Despite the recent improvement in relations between Jordan and Syria over the past year, King Abdullah of Jordan’s patience is wearing thin.
Senior Jordanian officials have indicated that he is considering ordering the Jordanian army to establish a security buffer zone along the Syria-Jordan border.
At the end of the week, Jordanian Foreign Minister Ayman al-Safadi declared Jordan’s intention to “defeat the drug smugglers” by any necessary military means, signaling a firm stance against this illegal activity.
In recent days, the Jordanian army intercepted a drone carrying a significant quantity of the expensive and dangerous drug known as “Crystal” from Syrian territory into Jordan.
This marks the sixth such interception by the Jordanian army in recent times.

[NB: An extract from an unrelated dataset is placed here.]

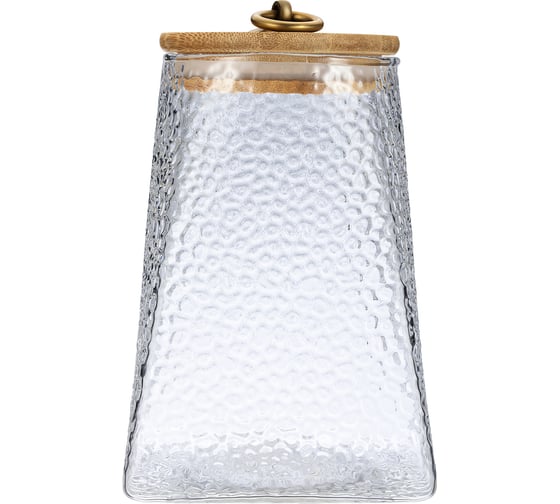 Банка Regent inox стеклянная, с бамбуковой крышкой, 950 мл, linea ciottolo 93-HO-CI-01-950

Despite pressure from Jordan, drug smugglers, who receive support from the Syrian regime, Hezbollah, and Iran, continue their activities with impunity.
The Jordanian army has focused its efforts against drug smuggling primarily in the north of the kingdom, near the town of Daraa on the Syrian side.
In recent days, the Jordanian army even conducted operations within Syrian territory, targeting two drug production workshops.
Jordan is in the process of forming a dedicated task force to combat drug smugglers. Jordanian Foreign Minister Ayman al-Safadi has communicated to his Syrian counterpart, Faisal al-Miqdad, that tackling drug smugglers is now Jordan’s top security priority.
Tensions along Jordan’s northern border are escalating, prompting Jordan to maintain close contact with both the American and Russian administrations.
Russia has military forces in southern Syria, and Jordan keeps these nations updated on developments in the war against drug smuggling.
Jordan continues to tread carefully when it comes to blaming the Syrian authorities directly, even though it is widely acknowledged that the Syrian regime, in collaboration with Hezbollah and Iranian elements, is involved in drug smuggling.
Syria has become a significant producer and distributor of the Captagon drug in the Middle East. General Maher Al-Assad, the brother of the Syrian president, oversees the smuggling network.
He serves as the commander of Division 4 in the Syrian army and is often likened to the Syrian “Pablo Escobar” due to his association with the drug trade.
According to American sources, the production facilities for the Captagon drug fall under the control and protection of Syrian Division 4.
In recent years, Syria has evolved from being a transit point for drug shipments to becoming the primary producer of Captagon, particularly since the severe economic crisis that began in 2013. By 2018, it had become the largest producer of the drug in the region.
In terms of the drug trade, Jordan plays a pivotal role as a transit point. Its northern territory serves as a gateway for drugs destined for Gulf countries and Far East destinations.